Also in today's EMEA regional roundup: Tele2 Austria goes mobile; M-Pesa mobile money transfer connects Tanzania and Kenya; UK smart meters plan faltering.
Is the European Commission about to get tougher on proposed telecom mergers and acquisitions? That's the scenario being raised by the Financial Times, following an interview with Europe's new antitrust chief, Margrethe Vestager. "I have one interest and that is to make sure that European consumers -- that being citizens or businesses -- can enjoy relatively innovative markets at affordable prices," Vestager told the newspaper, suggesting that she suspects some of the mergers currently grinding through the regulatory mill in Europe, such as Hutchison Whampoa Ltd. (Hong Kong: 0013; Pink Sheets: HUWHY)'s acquisition of Telefónica UK Ltd. (O2), could result in higher prices for consumers. (See Hutchison's Wind of Change.)

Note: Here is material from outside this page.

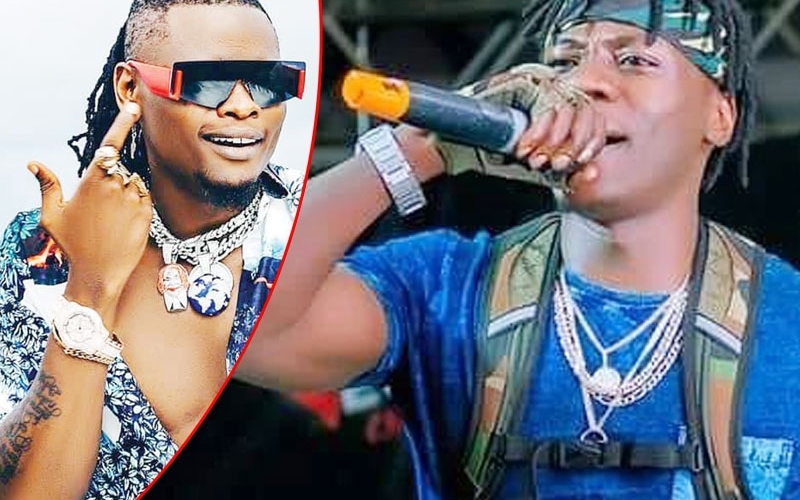 Pallaso Releases Diss Track Targeting Alien Skin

Tele2 Austria has added a mobile string to its bow, providing nationwide coverage for the enterprise market via an MVNO. Tele2 Austria previously offered fixed-line broadband, TV and voice.
Vodafone Group plc (NYSE: VOD) has extended its M-Pesa mobile money transfer and payment service to cover transactions between Tanzania and Kenya. Traditionally, the commission on money transfers between the two countries could be as high as 30%, whereas the M-Pesa commission on a $50 transfer would be around 1% of the transaction, plus a foreign exchange fee. (See Vodafone Takes M-Pesa Payments Cross-Border .)
The UK government's plans to have smart meters installed in every British home by 2020 are beginning to look a little ambitious, reports the BBC, as "technical, logistical and public communication issues" threaten to throw the project off the rails. A group of MPs dealing with the issue has told the government that time is running out and that, in a nutshell, they need to get a grip.